In his second video Chopra also says that we (as skeptics): "Do not understand that we do not have access to reality but only to our perceptions, that whatever we experience as reality is the contents of our mind". We clearly do, and this also links into his comments about colour perception in the first video. Optical illusions demonstrate this:

I've posted this optical illusion before:

The blue and green are the same colour. If you look closely, what does change is the lines in between the "blue" and "green", which are either pink or orange. Our perception of the colour is influenced by the colours around it. We cannot escape it, much like another favourite illusion:

The square labelled A is the same colour as the square labelled B.

We may not have sussed how qualia arise, but we do know what causes these illusions (the world map is explained here, and the here, the checker board illusion). All these optical illusions happened because they exploit short cuts our brains take as they have evolved to work out what the world around them is like.
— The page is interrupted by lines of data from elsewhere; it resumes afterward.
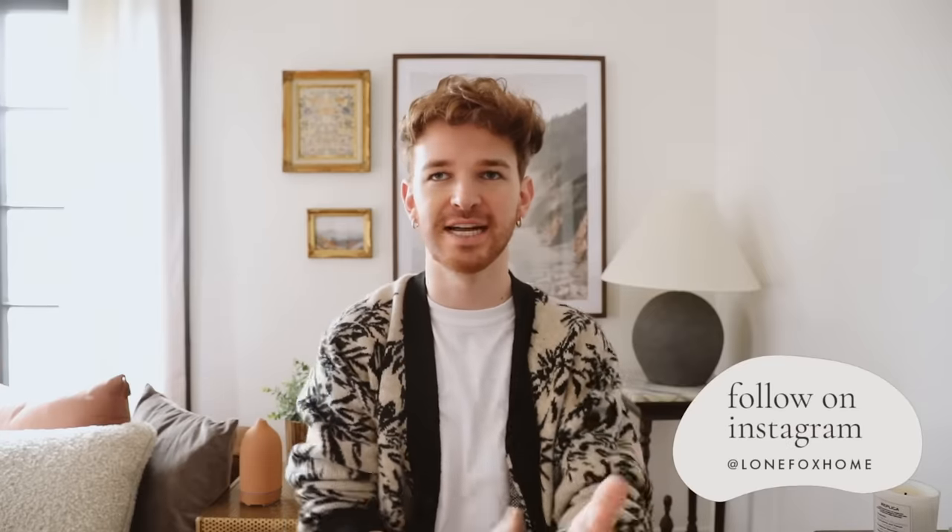Hello everybody and welcome back to my channel. I am so excited about today's makeover — this has been one I've been waiting to come out. I've been working on this video for about two months. There's a lot of planning, process, and steps, but this was only actually a four-day install. This makeover is probably one of my favorite makeovers to date.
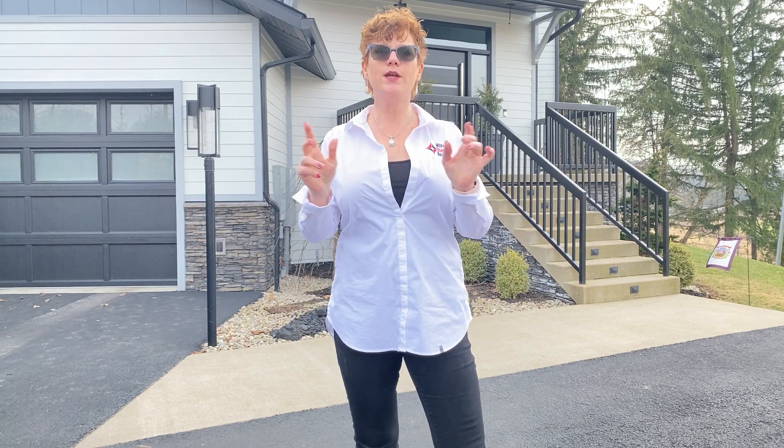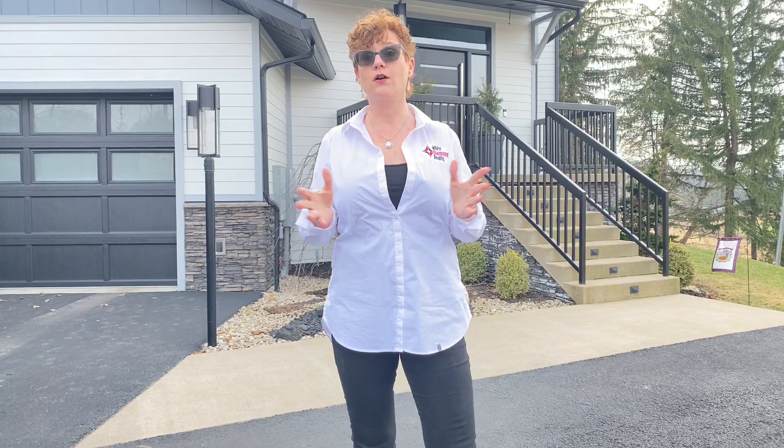Hi, I'm Melissa, broker of White Diamond Realty, and today's video is all about prepping your house for sale.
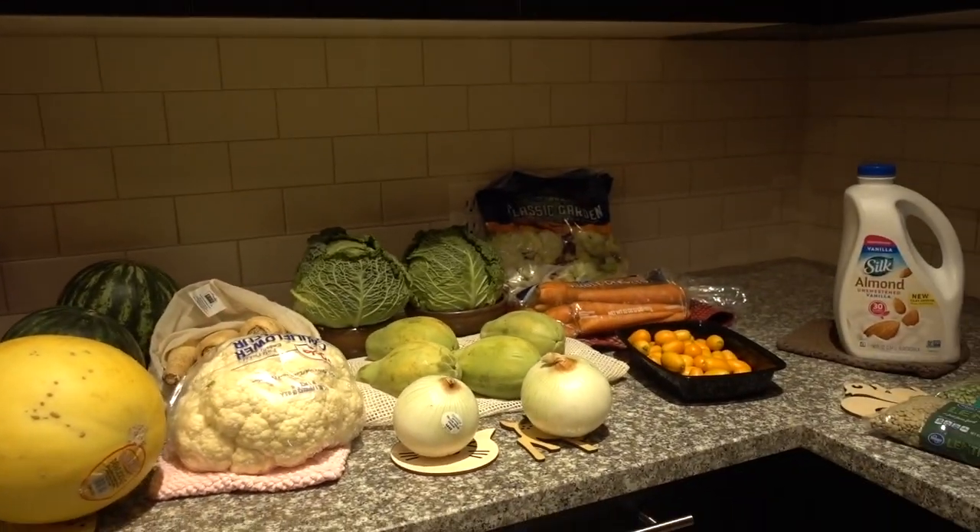That's everything I got this week at Kroger and Costco. It's nice and steamy out — pretty warm! I hope you all enjoyed the vlog and grocery haul. If so, give it a thumbs up, share it with your friends, and as always don't forget sunscreen and subscribe. I'll talk to you guys tomorrow — bye!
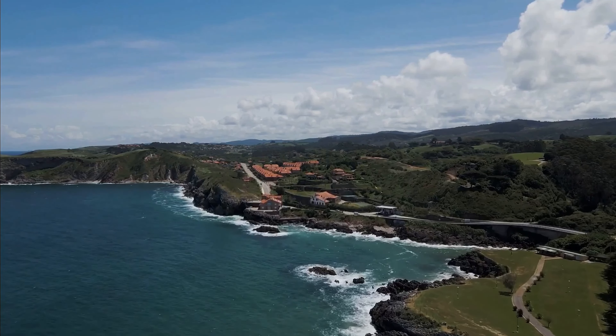El Palmar, a small beach town located on the Pacific coast of Panama, is known for its consistent waves and is a popular destination for surfers. The beach is also great for swimming and sunbathing.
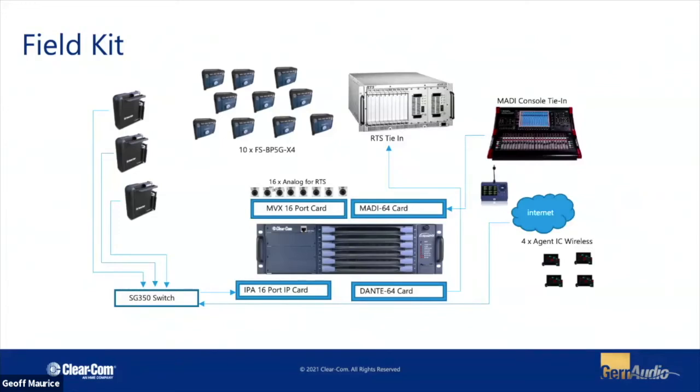The system we're using today was originally built as a field kit for the CBC. The frame has one MBX card for analog tie-ins, with RJ45s broken out to a 16-XLR plate. We've put in a 16-port IPA card that's doing 10 belt packs using three transceivers, a Dante card, an RTS Omnio system, and we're using the MADI card to tie into their DiGiCo consoles. Since we're only using 10 belt packs, we still have six ports of the IPA card available — so we have one desktop station and four Agent IC licenses available, showing a bit of the flexibility.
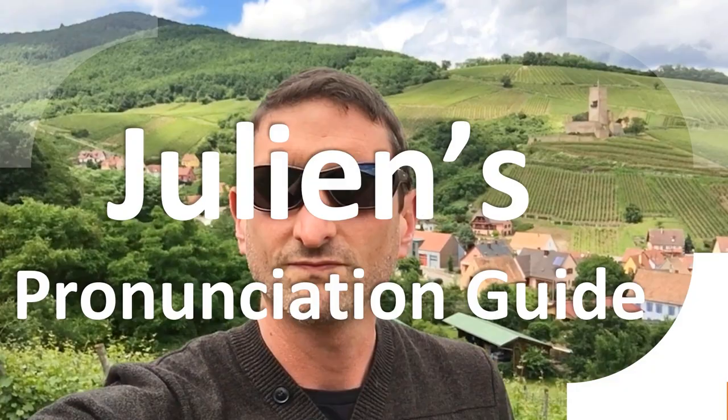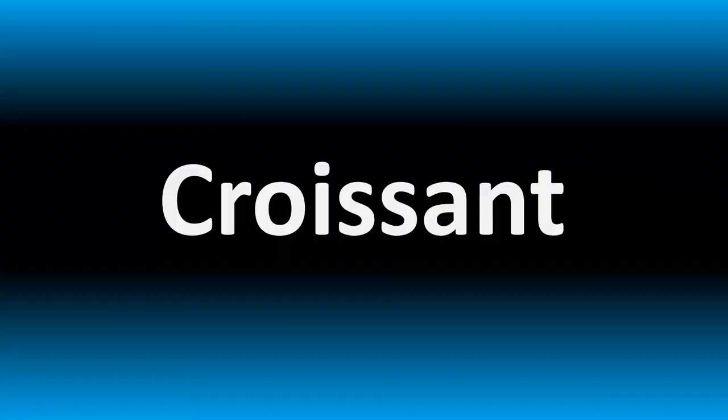You are looking at Julian's pronunciation guide, where we look at how to pronounce better some of the most mispronounced words in the world, like this other curious word. But how do you say what you're looking for today?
On top of that, colour is an illusion any way. Consider this from the Oatmeal (and do go and read the whole strip, really do, I'll not be offended if you don't bother reading the rest of this post. Go):

We may be able to wax philosophical about whether my blue is the same as your blue, but the mantis shrimp can see the world in a glorious technicolour that we can't hope to imagine.

The exploration of how we, and other organisms, perceive the world is still ongoing. The fact that science hasn't explained it all is not a problem!

When Chopra said "[How we perceive] ..any perception. You can't explain it. Texture, solidity. You can't explain that." I was reminded of these two things:

Bill O'Reilly's infamous "Tide goes in, tide goes out, you can't explain that" and also the Insane Clown Posse's lyric - "f***ing magents, how do they work?" (you can see this wonderful Veritasium and MinutePhysics collaboration if you're curious). Now it's true that in Chopra's case he's picked up on something that, as yet, has not been fully explained. But this is a strength for science - saying "I don't know" is a perfectly respectable answer, especially when it's followed by "Let's try and find out".

This challenge is just fluff (though it would be interesting to see how seriously Chopra takes it, is it possible to see his bank statements proving the money's there for example?). Whilst he may not have ring fenced this money, it is a shame that he has amassed so much from his pseudoscience and platitudes that he himself does not always follow. However, as Haldane said "Now my own suspicion is that the Universe is not only queerer than we suppose, but queerer than we can suppose", and quantum mechanics of the real sort do seem to back him up.

It's ok that science hasn't explained "the normal" yet because scientists, and those like me that enjoying reading about the fruits of their labour, get a thrill from the sentiment of this not-actually-Carl-Sagan quote  "Somewhere, something incredible is waiting to be known".